__Work item__. Although the records include pictures, the copy should not; write out exactly the lines from the first through the line with "Delantal Holly Jolly".

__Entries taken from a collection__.

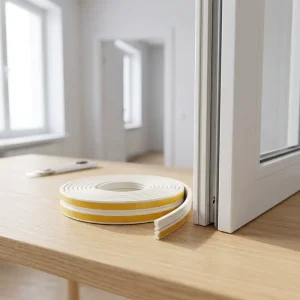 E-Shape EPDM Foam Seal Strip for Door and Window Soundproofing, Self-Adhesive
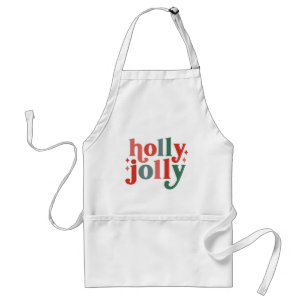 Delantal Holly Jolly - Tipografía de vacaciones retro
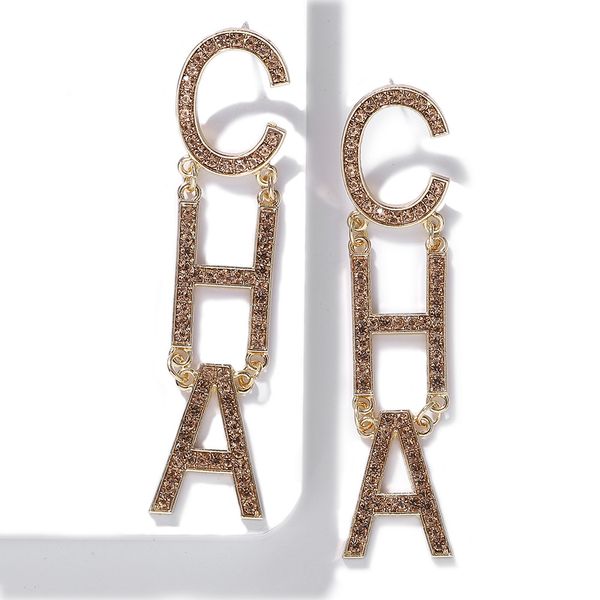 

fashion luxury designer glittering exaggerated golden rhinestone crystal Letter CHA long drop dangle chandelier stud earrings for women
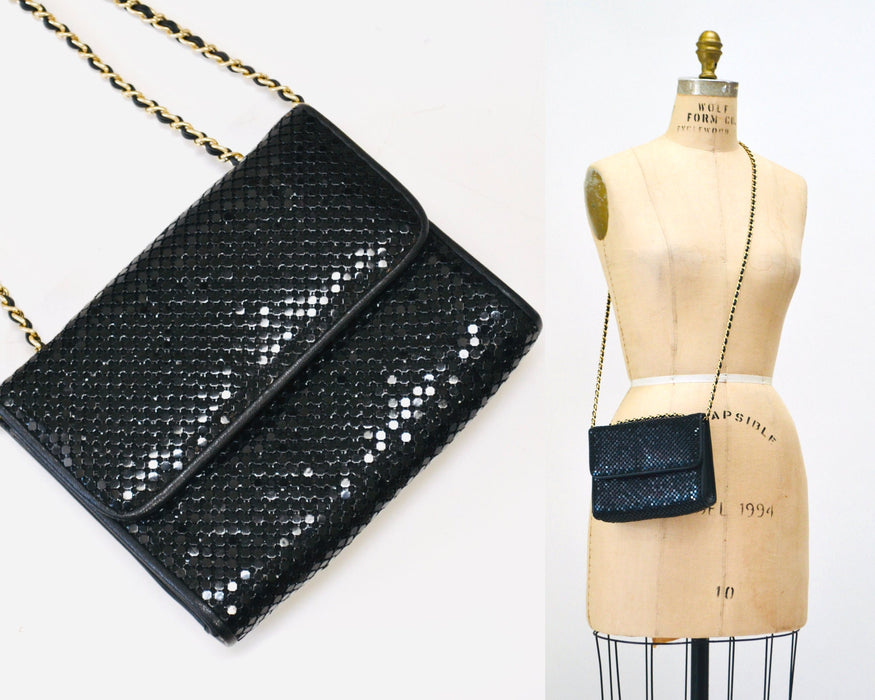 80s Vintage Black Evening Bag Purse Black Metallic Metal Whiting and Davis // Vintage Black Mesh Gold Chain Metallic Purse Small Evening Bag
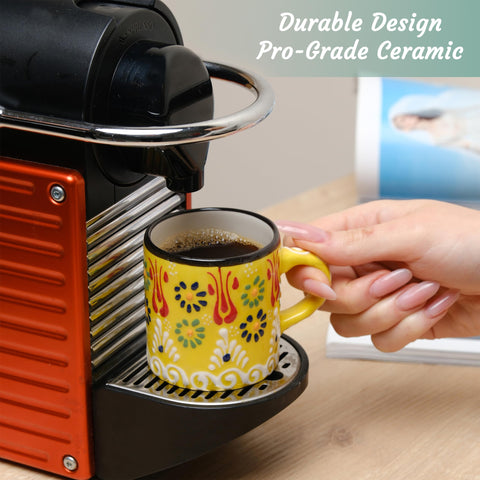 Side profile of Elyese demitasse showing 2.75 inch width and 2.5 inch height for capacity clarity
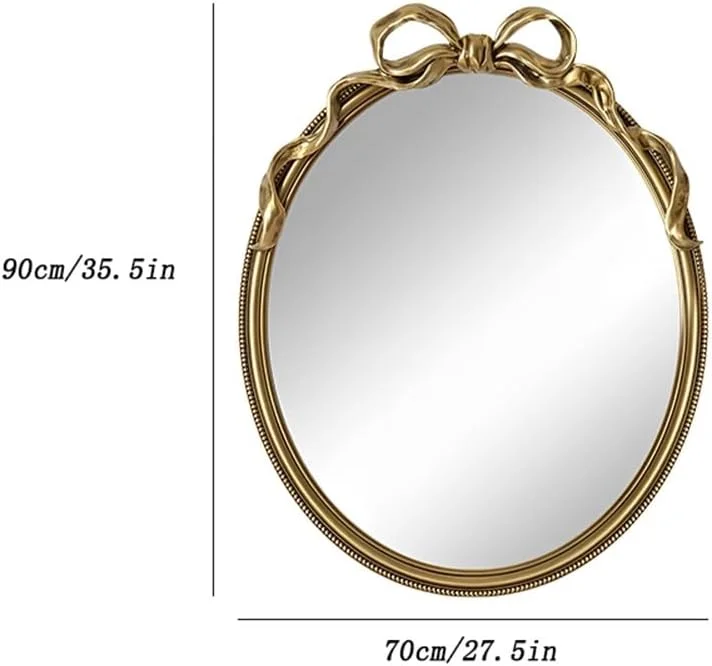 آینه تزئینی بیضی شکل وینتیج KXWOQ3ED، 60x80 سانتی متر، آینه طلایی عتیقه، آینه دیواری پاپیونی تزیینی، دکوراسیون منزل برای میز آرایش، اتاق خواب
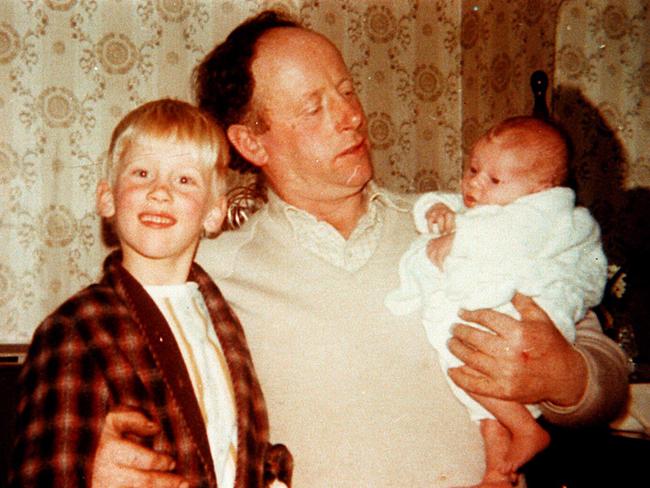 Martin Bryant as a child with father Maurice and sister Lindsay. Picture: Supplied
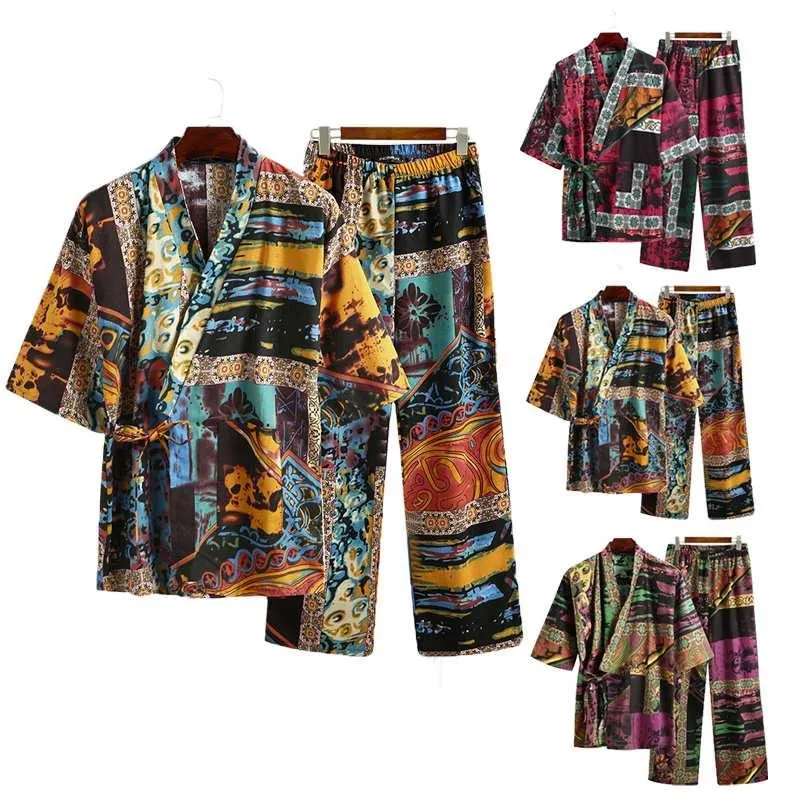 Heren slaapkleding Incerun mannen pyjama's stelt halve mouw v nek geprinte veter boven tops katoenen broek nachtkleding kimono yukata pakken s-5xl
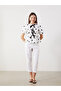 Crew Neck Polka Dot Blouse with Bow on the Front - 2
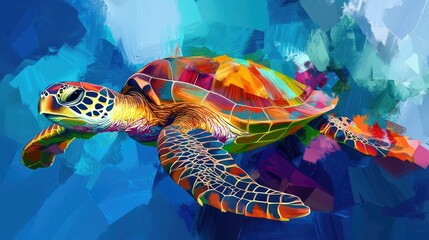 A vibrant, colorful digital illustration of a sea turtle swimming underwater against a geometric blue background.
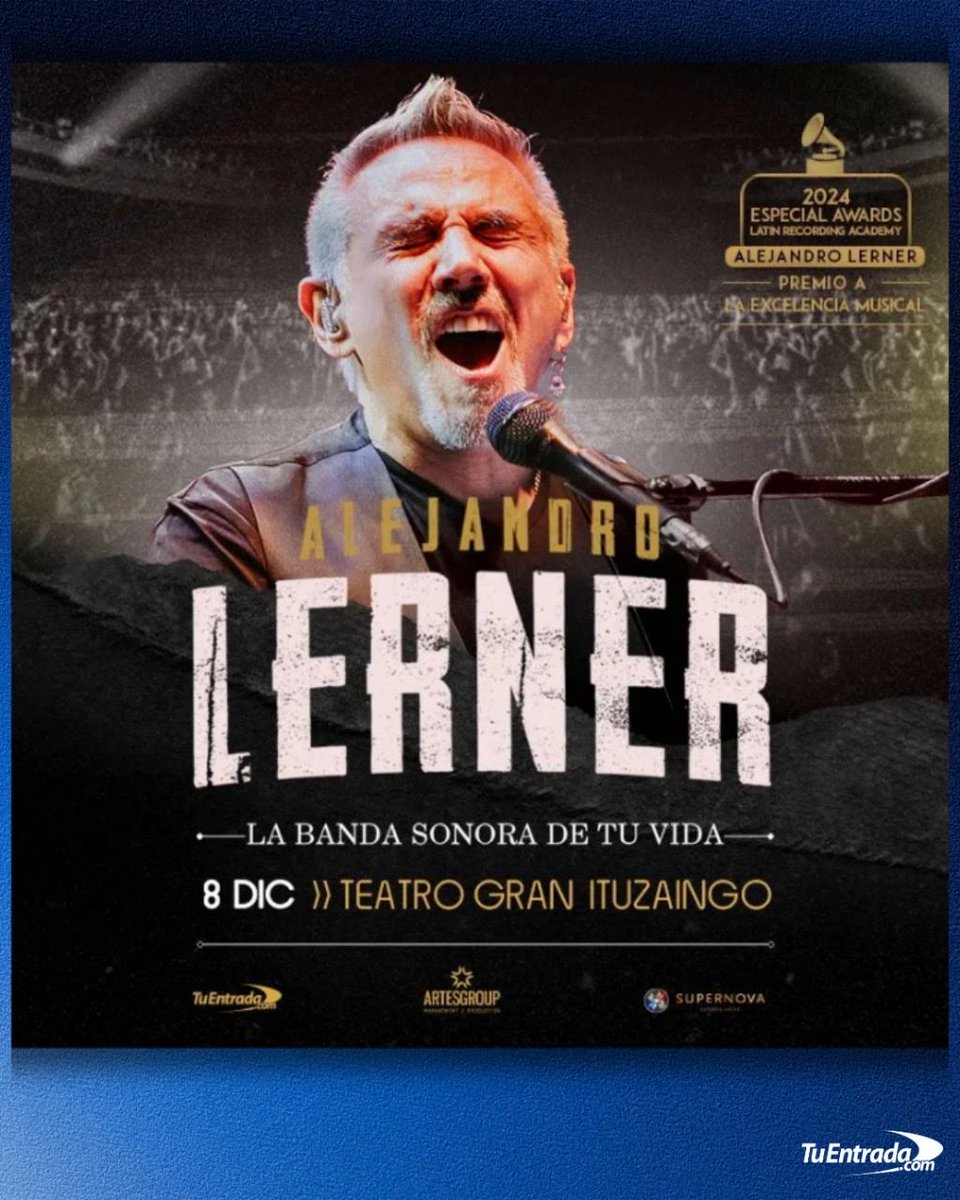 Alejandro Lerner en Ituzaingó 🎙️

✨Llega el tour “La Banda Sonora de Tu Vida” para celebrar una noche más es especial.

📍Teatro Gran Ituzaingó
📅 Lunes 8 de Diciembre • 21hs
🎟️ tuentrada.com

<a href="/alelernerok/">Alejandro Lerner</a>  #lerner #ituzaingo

__Problem solution__.
 E-Shape EPDM Foam Seal Strip for Door and Window Soundproofing, Self-Adhesive
 Delantal Holly Jolly - Tipografía de vacaciones retro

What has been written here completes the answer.